Испуганный швейцар побежал за ним.
– Эй! Вы куда?! Стойте!..
Барсуков вбежав в зал, оглянулся по сторонам, наконец, заметил тех троих, избивавших бомжа. Они сидели со своими дамами, продолжая, как ни в чём не бывало, трапезничать…
Он резко подошёл к их столику:
– Вы человека во дворе избили!.. До полусмерти!.. 
– Что он говорит?.. – спросил один у остальных.
– Говорит, кого-то мы там избили…  – ответил второй.
– Эй, парень, – спросил его третий мужчина. – Ты чего хочешь? Присядь, выпьем…
Напуганный швейцар потянул Барсукова за локоть к выходу:
– Прошу покинуть зал! Вы мешаете людя;м обедать!..  Простите, господа… У нас всяко бывает…
Многие посетители в зале повернули головы к их столику.
Один из троих – здоровяк в сером костюме, что-то тихо сказал остальным мужчинам. Те кивнули.
– Во дворе, говоришь?.. – спросил он Барсукова. – Ну, пойдём... Покажешь… 

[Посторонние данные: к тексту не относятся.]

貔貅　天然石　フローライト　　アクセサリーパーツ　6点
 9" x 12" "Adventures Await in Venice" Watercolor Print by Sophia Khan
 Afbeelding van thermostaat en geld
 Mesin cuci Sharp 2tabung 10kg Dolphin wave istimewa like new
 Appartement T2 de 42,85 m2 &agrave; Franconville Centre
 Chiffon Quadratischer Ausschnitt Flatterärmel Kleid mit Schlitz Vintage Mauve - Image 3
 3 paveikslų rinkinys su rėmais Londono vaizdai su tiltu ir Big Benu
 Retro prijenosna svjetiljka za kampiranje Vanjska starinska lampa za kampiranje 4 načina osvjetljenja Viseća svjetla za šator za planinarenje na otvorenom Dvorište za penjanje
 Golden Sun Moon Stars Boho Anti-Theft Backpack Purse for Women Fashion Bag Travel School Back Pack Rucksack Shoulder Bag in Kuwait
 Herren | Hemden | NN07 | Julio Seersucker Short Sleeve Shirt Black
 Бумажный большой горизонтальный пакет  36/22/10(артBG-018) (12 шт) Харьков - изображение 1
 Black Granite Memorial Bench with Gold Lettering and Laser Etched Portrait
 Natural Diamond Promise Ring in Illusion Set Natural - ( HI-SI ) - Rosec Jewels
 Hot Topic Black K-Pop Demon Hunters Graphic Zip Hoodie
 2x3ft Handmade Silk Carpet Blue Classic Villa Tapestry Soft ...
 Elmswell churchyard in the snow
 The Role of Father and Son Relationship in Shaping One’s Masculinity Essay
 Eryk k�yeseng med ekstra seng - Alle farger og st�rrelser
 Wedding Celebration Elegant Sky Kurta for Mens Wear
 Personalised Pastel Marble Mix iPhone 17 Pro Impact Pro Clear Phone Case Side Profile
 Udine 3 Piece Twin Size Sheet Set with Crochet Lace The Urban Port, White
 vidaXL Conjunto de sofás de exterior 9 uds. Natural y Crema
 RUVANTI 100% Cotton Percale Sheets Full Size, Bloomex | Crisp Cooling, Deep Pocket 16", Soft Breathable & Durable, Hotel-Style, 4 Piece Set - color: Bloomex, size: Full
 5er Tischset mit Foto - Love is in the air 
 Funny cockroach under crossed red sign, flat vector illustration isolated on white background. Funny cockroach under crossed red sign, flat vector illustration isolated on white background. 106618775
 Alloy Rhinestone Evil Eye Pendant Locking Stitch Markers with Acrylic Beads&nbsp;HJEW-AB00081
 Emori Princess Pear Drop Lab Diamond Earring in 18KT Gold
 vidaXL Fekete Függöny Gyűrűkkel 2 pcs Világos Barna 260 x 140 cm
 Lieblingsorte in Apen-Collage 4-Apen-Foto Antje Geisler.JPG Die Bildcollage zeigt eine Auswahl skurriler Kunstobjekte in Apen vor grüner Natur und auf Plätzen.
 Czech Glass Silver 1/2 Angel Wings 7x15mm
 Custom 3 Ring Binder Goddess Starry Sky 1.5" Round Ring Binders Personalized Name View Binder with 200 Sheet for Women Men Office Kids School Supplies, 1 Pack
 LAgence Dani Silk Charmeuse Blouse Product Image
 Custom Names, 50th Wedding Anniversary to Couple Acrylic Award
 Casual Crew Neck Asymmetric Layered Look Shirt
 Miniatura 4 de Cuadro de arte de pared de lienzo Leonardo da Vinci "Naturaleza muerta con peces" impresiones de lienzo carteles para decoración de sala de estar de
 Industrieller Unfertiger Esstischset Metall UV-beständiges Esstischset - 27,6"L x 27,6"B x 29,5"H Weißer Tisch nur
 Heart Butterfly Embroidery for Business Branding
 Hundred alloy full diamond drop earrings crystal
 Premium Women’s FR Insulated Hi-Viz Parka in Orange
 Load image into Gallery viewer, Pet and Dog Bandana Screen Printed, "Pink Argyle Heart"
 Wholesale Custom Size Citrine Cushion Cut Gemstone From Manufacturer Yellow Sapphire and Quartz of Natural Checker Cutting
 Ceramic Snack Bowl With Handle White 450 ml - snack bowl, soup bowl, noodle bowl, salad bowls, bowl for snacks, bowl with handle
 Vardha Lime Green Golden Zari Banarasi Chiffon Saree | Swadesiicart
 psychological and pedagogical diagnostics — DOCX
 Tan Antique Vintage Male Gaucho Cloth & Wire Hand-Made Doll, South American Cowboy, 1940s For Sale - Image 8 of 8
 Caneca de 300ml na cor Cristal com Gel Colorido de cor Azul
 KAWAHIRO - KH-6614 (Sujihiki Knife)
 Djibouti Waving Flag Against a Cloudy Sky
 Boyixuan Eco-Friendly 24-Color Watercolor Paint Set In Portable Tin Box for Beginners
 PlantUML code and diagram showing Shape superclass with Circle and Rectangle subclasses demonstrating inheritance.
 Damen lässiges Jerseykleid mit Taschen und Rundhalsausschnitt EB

Сопровождаемые швейцаром, они покинули зал.
 Барсуков со здоровяком спустились с ресторанного крыльца и, обогнув здание, вошли  во двор.
– Так где, говоришь, лежит избитый?.. спросил здоровяк и тут же, повернувшись к Барсукову, нанёс ему резкий удар ножом в живот. Барсуков упал и потерял сознание.
Мужчина волоком утащил его в кусты жимолости.  Затем напоследок нанёс ещё два удара и отбросил нож далеко в высокие кусты.
Оставив Барсукова лежать рядом с бомжем, который уже не стонал, мужчина в сером костюме, как ни в чём не бывало, спокойно возвратился к парадному крыльцу ресторана, вытирая на ходу платком ладони рук.

…Старая ГАЗель, проработавшая всю жизнь «Скорой помощи», мчалась по вечерним улицам в городскую больницу.
Дальше Барсуков ничего не помнил. Лишь спустя несколько дней узнал, что «Скорая», которую он вызвал, увезла обоих раненых у ресторана прямиком  в морг. Бомж умер ещё в дороге, а Барсуков, балансируя между жизнью и смертью, почти не дышал, отчего молодой неопытный врач «Скорой» решил, что везёт два трупа…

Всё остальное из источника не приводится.